Add a counter to record how many states have been created by a rule.

It shows up in pfctl verbose mode and in the 7th field of the labels output. Also remove the label printing for scrub rules, as they do not support labels. OK dhartmei@ (on an earlier version), henning@, mcbride@
author: mpf <mpf@openbsd.org> 2008-05-06 03:45:21 +0000
committer: mpf <mpf@openbsd.org> 2008-05-06 03:45:21 +0000
commit: 95959bd1d5f2c50d6f23d886b22dc2fa88f9223f (patch)
tree: da15c80c30eab73672c968c94e175e52874a7312
parent: Labels in the sockaddr are stored like on the wire so shift and byte swap (diff)
download: wireguard-openbsd-95959bd1d5f2c50d6f23d886b22dc2fa88f9223f.tar.xz
wireguard-openbsd-95959bd1d5f2c50d6f23d886b22dc2fa88f9223f.zip
6 files changed, 49 insertions, 49 deletions
diff --git a/sbin/pfctl/pfctl.c b/sbin/pfctl/pfctl.c
index 3829f2cb413..a9ba4e76b64 100644
--- a/sbin/pfctl/pfctl.c
+++ b/sbin/pfctl/pfctl.c
@@ -1,4 +1,4 @@
-/*	$OpenBSD: pfctl.c,v 1.273 2008/02/13 19:55:12 kettenis Exp $ */
+/*	$OpenBSD: pfctl.c,v 1.274 2008/05/06 03:45:21 mpf Exp $ */
 
 /*
  * Copyright (c) 2001 Daniel Hartmeier
@@ -734,10 +734,12 @@ pfctl_print_rule_counters(struct pf_rule *rule, int opts)

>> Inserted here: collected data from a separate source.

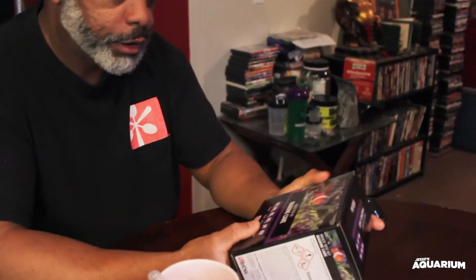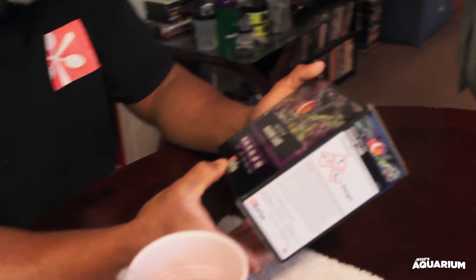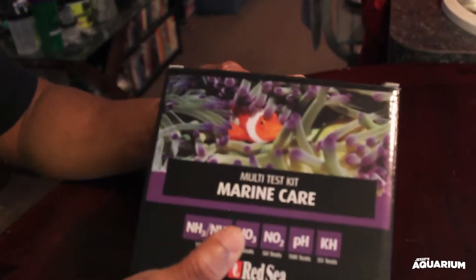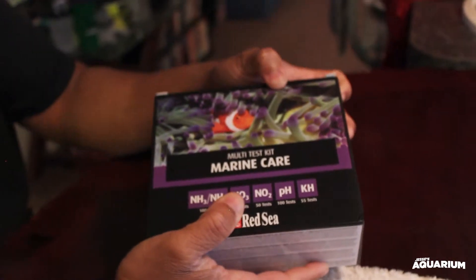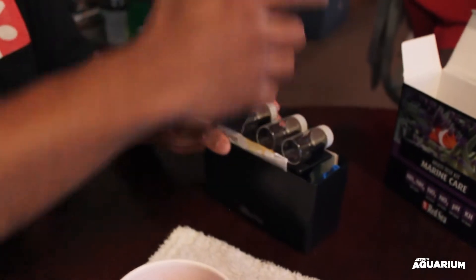Alright, now we're going to check out the Red Sea Marine Care Multi Test Kit, see how this one works and how it compares to the API test kit. I've never used one of Red Sea's test kits, so we'll see what we get.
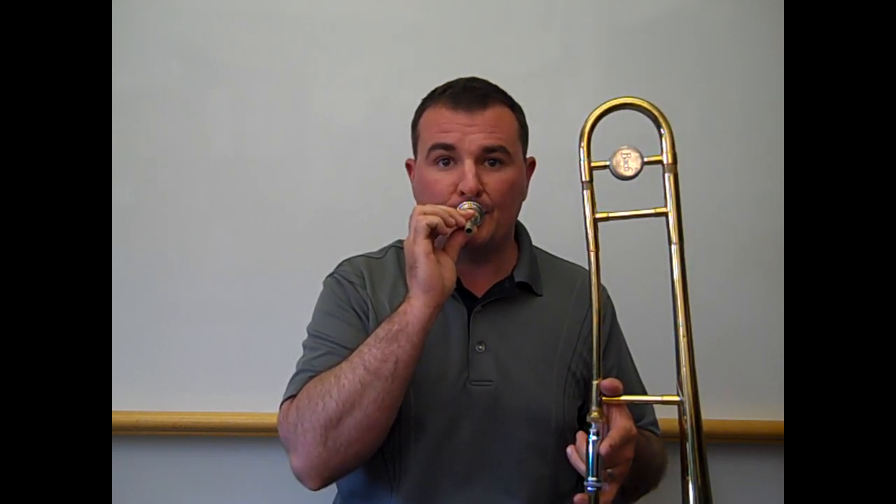On the mouthpiece, the trombone sounds like this. When we place the mouthpiece onto the trombone, the instrument acts as a giant megaphone, making what we buzz louder.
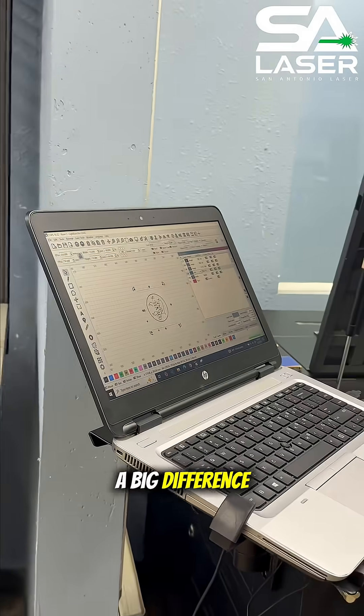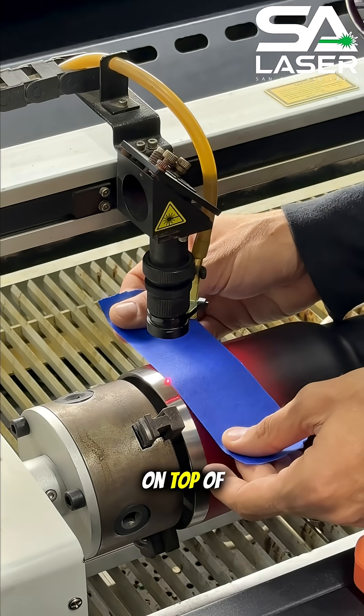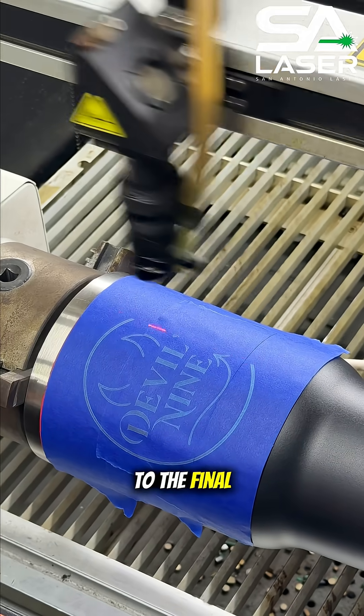So here's a simple trick that makes a big difference. Before you engrave directly on the tumbler, cover your area with Painter's Tape and run your test passes on top of that. It gives you a good visual reference for alignment, and lets you dial in your settings without the stress of committing to the final engraving.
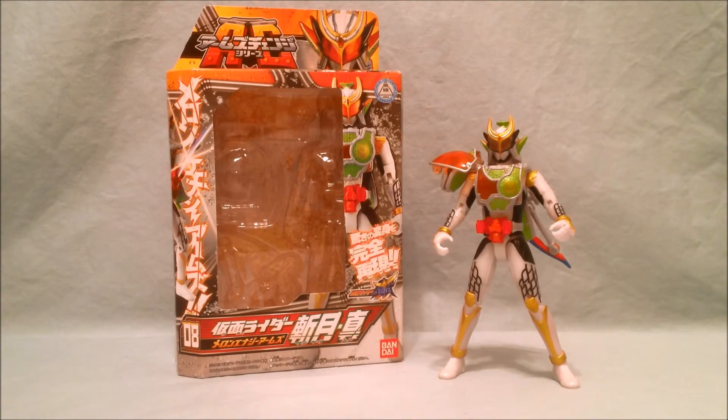Now that they've switched into the energy lock seeds, there are more figures coming — Jimbo Lemon and Duke are on the way, so I'm very excited for the future of this line. Also, just like all the rest of the Arm Change series, you can mix and match — Zangetsu Shin can wear any of the other arms like orange, banana, grape, or any of the others. He's completely compatible with all the rest of the arms. Definitely recommend him. Please tell me what you think in the comments, please like and share this video, please subscribe, and thanks for watching.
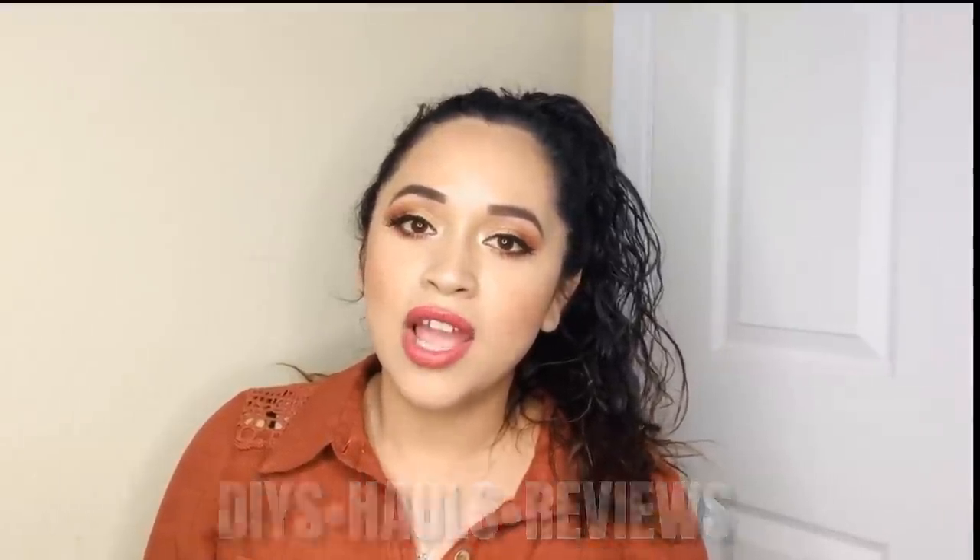Hello everyone, welcome back and thank you for watching. If you're new here, my name is Maria. I do DIYs, hauls, reviews, and more, so if you love to craft and do budget-friendly home decor, you should definitely subscribe.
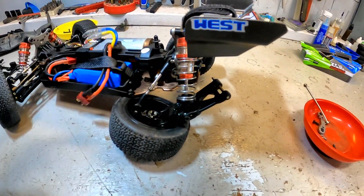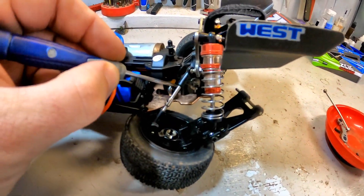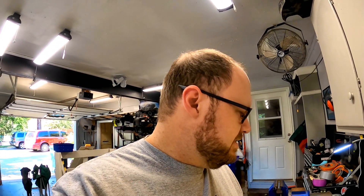That let the whole control arm come free. I tried to see if I could mend it, and I cannot. I'm going to need to get a new bulkhead in order to fix this vehicle. If I'm honest, I'm kind of disappointed — this was pretty quick. Really did not take long at all for that to break.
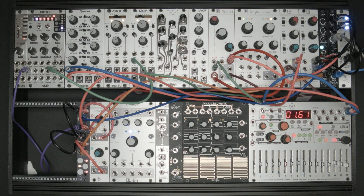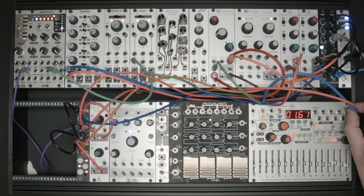Hi, this is Ryan from Acid Rain Technology. I want to show you how to use the Switchblade along with a few other modules to create a controllable melody in a somewhat unconventional way. I have a clock signal coming from the Stilson Hammer, clocking Branches with a steady stream of triggers.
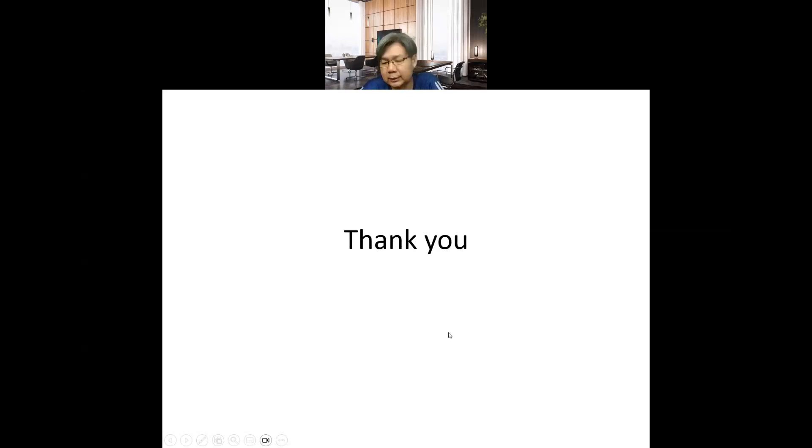That concludes the fitness forward lecture. Are there any questions?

 			    (unsigned long long)(rule->packets[0] +
 			    rule->packets[1]),
 			    (unsigned long long)(rule->bytes[0] +
-			    rule->bytes[1]), rule->states);
+			    rule->bytes[1]), rule->states_cur);
 		if (!(opts & PF_OPT_DEBUG))
-			printf("  [ Inserted: uid %u pid %u ]\n",
-			    (unsigned)rule->cuid, (unsigned)rule->cpid);
+			printf("  [ Inserted: uid %u pid %u "
+			    "State Creations: %-6u]\n",
+			    (unsigned)rule->cuid, (unsigned)rule->cpid,
+			    rule->states_tot);
 	}
 }
 
@@ -804,19 +806,6 @@ pfctl_show_rules(int dev, char *path, int opts, enum pfctl_show format,
 
 		switch (format) {
 		case PFCTL_SHOW_LABELS:
-			if (pr.rule.label[0]) {
-				printf("%s ", pr.rule.label);
-				printf("%llu %llu %llu %llu %llu %llu %llu\n",
-				    (unsigned long long)pr.rule.evaluations,
-				    (unsigned long long)(pr.rule.packets[0] +
-				    pr.rule.packets[1]),
-				    (unsigned long long)(pr.rule.bytes[0] +
-				    pr.rule.bytes[1]),
-				    (unsigned long long)pr.rule.packets[0],
-				    (unsigned long long)pr.rule.bytes[0],
-				    (unsigned long long)pr.rule.packets[1],
-				    (unsigned long long)pr.rule.bytes[1]);
-			}
 			break;
 		case PFCTL_SHOW_RULES:
 			if (pr.rule.label[0] && (opts & PF_OPT_SHOWALL))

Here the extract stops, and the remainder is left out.